TASK DIRECTIONS
Every line below should come back exactly as written, though the pictures stay out.

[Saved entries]

● ● ● ● ●

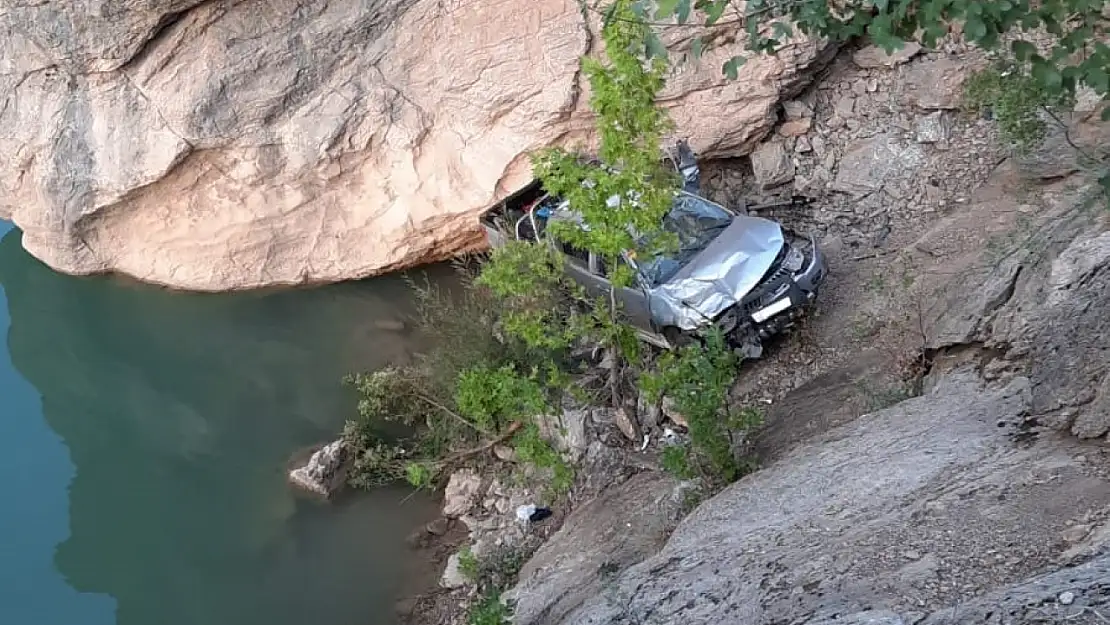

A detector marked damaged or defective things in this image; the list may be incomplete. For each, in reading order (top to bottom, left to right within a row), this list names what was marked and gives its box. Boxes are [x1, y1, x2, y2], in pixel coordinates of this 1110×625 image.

wrecked silver car [482, 143, 828, 356]
shattered windshield [640, 194, 736, 286]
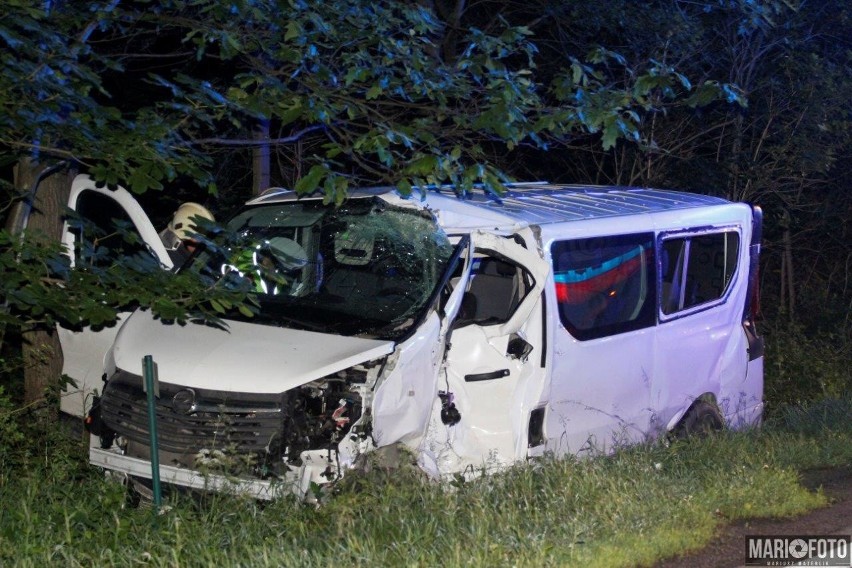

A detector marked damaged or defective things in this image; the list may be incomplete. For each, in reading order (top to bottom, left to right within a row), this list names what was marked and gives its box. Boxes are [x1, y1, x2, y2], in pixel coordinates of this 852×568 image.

crumpled hood [110, 308, 396, 392]
shattered windshield [191, 197, 456, 340]
bent metal [58, 176, 764, 496]
crashed vehicle [60, 176, 764, 496]
damaged front end [88, 358, 388, 500]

● ● ● ● ●

SOLUTION FOR THIS EXERCISE
A detector marked damaged or defective things in this image; the list may be incomplete. For each, in reading order (top to bottom, left to right within a row), this list names what was marked and gives its box. Boxes are [x1, y1, x2, y2], in pixel coordinates of this 1110×625 image.

wrecked silver car [482, 143, 828, 356]
shattered windshield [640, 194, 736, 286]

A detector marked damaged or defective things in this image; the list may be incomplete. For each, in reading order (top to bottom, left to right within a row), this list names what was marked and gives its box. Boxes are [x1, y1, x2, y2], in pixel coordinates of this 852×568 image.

crumpled hood [110, 308, 396, 392]
shattered windshield [191, 197, 456, 340]
bent metal [58, 176, 764, 496]
crashed vehicle [60, 176, 764, 496]
damaged front end [88, 358, 388, 500]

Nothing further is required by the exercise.